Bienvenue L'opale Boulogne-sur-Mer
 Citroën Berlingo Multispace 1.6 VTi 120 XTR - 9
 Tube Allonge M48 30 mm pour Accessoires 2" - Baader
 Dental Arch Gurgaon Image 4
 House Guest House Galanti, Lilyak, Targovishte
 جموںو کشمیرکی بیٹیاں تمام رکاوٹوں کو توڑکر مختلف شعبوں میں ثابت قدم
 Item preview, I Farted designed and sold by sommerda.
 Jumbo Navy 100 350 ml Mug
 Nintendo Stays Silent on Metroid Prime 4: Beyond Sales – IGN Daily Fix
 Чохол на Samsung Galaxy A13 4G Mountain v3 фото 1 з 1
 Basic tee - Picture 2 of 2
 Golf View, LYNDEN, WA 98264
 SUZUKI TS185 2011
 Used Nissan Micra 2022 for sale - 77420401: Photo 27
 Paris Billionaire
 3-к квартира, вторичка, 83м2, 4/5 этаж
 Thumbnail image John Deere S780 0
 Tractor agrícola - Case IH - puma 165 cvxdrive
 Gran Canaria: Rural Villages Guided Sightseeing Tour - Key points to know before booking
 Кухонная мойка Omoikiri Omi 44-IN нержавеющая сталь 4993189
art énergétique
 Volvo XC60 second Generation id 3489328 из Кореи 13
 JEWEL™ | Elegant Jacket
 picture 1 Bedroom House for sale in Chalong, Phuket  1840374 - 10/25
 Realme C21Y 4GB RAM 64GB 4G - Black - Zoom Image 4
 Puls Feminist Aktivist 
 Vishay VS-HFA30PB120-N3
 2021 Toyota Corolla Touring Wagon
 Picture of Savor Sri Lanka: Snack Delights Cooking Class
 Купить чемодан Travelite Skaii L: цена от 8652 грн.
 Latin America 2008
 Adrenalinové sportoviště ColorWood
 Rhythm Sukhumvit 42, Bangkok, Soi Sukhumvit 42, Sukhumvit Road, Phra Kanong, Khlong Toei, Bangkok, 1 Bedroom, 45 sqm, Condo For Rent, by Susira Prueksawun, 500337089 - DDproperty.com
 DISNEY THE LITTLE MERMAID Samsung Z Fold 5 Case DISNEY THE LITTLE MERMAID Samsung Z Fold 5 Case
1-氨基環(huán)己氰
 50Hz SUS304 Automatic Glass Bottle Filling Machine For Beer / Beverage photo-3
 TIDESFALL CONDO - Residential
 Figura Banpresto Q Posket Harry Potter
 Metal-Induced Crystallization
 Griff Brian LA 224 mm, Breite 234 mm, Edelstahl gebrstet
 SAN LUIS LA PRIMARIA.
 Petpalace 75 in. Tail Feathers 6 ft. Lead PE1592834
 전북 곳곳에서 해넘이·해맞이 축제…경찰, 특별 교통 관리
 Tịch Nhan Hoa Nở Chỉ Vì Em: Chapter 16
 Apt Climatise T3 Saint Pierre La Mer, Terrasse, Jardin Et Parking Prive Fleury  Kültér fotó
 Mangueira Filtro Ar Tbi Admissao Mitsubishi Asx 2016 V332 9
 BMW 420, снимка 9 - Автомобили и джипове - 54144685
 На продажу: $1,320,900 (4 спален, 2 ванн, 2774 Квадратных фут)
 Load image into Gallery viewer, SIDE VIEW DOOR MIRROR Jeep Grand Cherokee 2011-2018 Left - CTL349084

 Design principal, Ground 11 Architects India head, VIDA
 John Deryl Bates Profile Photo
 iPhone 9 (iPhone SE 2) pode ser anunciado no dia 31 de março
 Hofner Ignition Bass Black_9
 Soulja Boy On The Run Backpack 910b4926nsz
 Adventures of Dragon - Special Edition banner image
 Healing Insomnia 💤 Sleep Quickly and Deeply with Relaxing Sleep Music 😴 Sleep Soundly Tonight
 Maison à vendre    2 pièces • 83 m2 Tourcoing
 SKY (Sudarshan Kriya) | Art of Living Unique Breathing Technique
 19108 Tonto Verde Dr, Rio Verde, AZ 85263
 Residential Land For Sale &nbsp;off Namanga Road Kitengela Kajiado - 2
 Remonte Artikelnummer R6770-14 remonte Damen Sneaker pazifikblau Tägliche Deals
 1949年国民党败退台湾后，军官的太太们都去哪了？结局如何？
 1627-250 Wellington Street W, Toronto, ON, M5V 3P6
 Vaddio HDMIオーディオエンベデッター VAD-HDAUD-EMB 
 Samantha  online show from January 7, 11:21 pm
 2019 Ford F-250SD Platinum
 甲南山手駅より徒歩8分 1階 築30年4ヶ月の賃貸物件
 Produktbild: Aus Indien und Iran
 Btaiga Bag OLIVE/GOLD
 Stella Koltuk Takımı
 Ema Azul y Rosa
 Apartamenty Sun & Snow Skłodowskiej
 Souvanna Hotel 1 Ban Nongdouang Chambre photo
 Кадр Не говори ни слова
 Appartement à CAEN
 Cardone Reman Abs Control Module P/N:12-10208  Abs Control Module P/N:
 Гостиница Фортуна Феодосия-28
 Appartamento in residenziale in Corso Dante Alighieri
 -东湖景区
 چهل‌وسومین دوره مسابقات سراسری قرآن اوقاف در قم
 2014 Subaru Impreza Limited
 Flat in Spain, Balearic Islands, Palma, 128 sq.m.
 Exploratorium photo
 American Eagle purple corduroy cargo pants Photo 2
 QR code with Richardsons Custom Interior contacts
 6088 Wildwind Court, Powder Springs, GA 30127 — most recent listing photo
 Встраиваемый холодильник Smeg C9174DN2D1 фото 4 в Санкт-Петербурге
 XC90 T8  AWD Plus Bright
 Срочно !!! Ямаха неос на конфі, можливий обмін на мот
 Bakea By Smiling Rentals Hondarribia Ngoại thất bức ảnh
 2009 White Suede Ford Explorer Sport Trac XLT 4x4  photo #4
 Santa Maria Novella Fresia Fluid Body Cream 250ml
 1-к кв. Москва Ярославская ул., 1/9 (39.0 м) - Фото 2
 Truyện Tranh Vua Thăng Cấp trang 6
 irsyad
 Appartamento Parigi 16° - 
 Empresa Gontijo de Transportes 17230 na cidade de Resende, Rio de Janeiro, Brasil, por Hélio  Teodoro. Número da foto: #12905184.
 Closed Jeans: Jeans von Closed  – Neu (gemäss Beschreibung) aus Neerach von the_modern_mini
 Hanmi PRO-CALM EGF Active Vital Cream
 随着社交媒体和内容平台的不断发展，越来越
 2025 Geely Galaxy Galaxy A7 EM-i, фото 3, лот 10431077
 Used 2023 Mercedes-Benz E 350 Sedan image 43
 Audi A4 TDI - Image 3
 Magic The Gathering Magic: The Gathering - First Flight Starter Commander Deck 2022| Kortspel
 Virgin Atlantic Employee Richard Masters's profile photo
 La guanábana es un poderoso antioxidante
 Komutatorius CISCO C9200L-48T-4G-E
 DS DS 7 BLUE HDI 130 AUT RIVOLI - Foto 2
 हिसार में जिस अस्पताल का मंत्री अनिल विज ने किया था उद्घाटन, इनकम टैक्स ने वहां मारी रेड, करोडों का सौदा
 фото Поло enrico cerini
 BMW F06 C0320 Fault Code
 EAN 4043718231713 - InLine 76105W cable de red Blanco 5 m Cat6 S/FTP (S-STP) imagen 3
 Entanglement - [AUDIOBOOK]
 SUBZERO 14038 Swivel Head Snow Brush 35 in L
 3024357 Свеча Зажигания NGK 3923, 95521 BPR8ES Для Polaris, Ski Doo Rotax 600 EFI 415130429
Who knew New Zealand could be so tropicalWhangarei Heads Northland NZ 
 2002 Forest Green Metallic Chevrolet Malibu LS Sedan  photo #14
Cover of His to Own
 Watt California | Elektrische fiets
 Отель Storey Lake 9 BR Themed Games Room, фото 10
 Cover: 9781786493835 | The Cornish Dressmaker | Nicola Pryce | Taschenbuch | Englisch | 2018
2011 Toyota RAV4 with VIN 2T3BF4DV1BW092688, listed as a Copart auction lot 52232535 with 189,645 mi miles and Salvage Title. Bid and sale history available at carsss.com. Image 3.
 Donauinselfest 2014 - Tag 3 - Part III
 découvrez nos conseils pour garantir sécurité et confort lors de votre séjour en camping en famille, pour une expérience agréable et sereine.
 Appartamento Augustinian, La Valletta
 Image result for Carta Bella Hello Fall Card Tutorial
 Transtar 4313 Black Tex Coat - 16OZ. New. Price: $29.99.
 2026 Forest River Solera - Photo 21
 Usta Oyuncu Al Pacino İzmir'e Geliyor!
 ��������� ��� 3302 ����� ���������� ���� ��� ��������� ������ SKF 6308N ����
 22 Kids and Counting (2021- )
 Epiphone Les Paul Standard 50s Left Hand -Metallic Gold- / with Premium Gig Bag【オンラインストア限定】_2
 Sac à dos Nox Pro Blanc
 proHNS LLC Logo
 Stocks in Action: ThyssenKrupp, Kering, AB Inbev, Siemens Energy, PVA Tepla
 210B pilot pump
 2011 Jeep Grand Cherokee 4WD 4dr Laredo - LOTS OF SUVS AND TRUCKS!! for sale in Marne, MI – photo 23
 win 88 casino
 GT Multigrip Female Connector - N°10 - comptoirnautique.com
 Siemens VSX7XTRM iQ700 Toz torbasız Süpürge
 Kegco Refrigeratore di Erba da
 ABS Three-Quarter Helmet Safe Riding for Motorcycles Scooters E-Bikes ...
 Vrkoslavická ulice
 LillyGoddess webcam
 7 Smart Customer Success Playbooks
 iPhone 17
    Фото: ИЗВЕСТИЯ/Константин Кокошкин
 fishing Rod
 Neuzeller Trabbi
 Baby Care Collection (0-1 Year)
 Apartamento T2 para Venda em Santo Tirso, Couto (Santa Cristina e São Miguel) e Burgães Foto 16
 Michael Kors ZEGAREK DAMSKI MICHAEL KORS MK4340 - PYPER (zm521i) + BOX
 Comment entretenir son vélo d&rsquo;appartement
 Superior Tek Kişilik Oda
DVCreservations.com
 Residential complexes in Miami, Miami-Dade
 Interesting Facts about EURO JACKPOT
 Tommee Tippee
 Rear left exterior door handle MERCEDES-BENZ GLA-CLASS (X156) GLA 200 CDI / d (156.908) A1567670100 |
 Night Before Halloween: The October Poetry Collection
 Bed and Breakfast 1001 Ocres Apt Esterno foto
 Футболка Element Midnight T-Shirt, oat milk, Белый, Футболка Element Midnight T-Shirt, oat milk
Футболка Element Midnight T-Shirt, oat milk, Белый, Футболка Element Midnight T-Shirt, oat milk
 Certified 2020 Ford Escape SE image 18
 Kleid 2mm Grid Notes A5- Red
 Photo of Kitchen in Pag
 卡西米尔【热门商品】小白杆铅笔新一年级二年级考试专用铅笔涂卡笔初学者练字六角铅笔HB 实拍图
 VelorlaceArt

------------

Take the line above containing "Rear left exterior", the line containing "Bed and Breakfast", and all lines in between, and copy them exactly without anything else.

▶ EXERCISE RESPONSE
 Rear left exterior door handle MERCEDES-BENZ GLA-CLASS (X156) GLA 200 CDI / d (156.908) A1567670100 |
 Night Before Halloween: The October Poetry Collection
 Bed and Breakfast 1001 Ocres Apt Esterno foto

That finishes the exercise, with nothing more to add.